Five, there is no doubt whatsoever that enduring peace is possible only if there is an inclusive settlement that includes the Taliban. But, here again, the current approach to engage the Taliban via the good offices of the Pakistani intelligence is extremely short-sighted and dangerous. Such an approach hands over to the Pakistani military the full leverage in any political process that lies ahead and it can have only one predictable outcome.


The Afghan reconciliation must come out of an intra-Afghan initiative. The US must be gracious enough to give up the centre-stage. The Afghans have their traditional methods of dialogue and reconciliation. Karzai must spearhead the reconciliation process. Instead of sniping at his idea of a Loya Jirga (meeting of elders), its potential should be explored.


Six, the attempt should be to 'liberate' the Taliban from the Pakistani clutches. In the ultimate analysis, the Afghan-ness of the Taliban is bound to surface if it is provided the opportunity. It is precisely this Afghan-ness that Pakistan fears the most.


Thus, the Pakistani strategy has been to develop a mystique about the Taliban and to keep it fragmented and totally under its control. It is only Afghan groups, therefore, who can break this syndrome. The battle lines in Afghanistan have never been clear-cut. Karzai has allies who can reach out to the Taliban. They must be given a free hand.

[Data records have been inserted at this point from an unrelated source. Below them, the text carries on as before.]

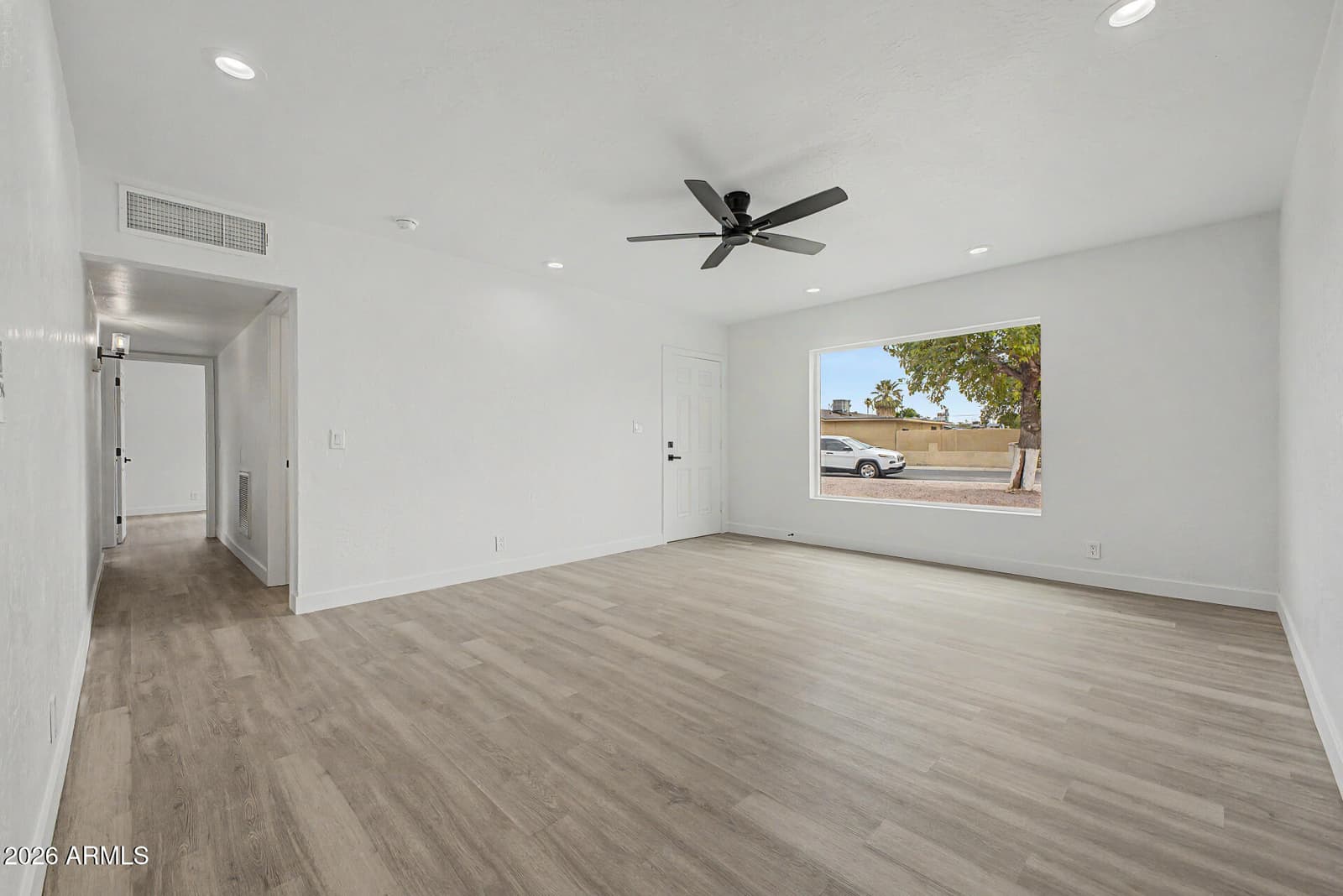 640 S PASADENA, Mesa, AZ 85210 — photo 2 of 26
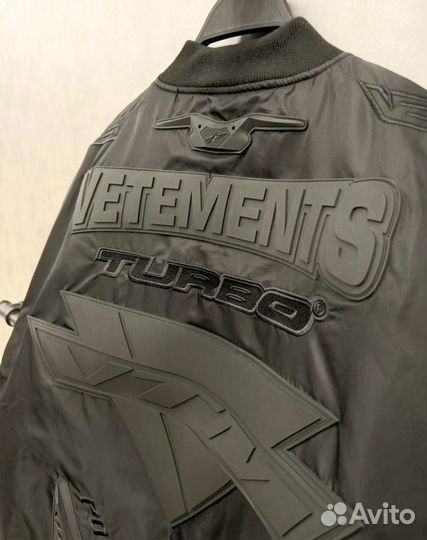 Бомбер черный Vetements Alpha industries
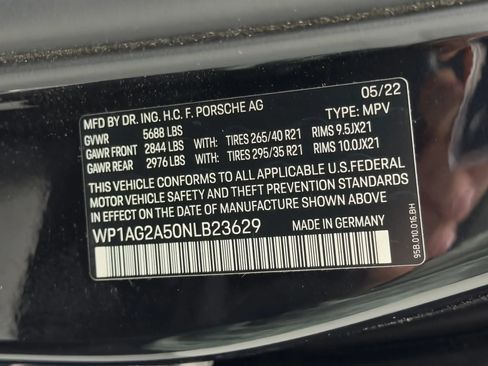 Used 2022 Porsche Macan S AWD/4WD image 53
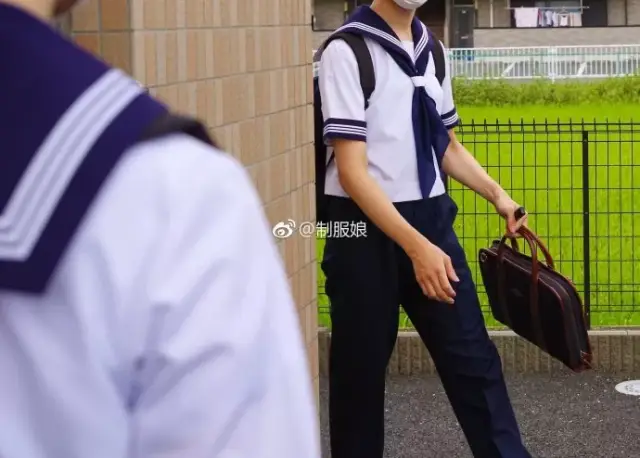 近日 有专家提出 日本男生的校服不会再是单纯的西装 会加入之前一直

Finally, the success of any Afghan strategy lies in the US's capacity to compel Pakistan from supporting the militant groups. Let us hope President Obama [ Images (http://search.rediff.com/imgsrch/default.php?MT=obama) ] forthrightly addresses the issue of forcing Pakistan to give up terrorism as state policy.



True, it is a catch-22 situation today. But it can be broken by shifting the prioritisation from Afghanistan to the Pakistan theatre and by refocusing the resources. Integral to this is a turning away from the counterinsurgency campaign in Afghanistan towards a realistic near-term counter-terrorism approach.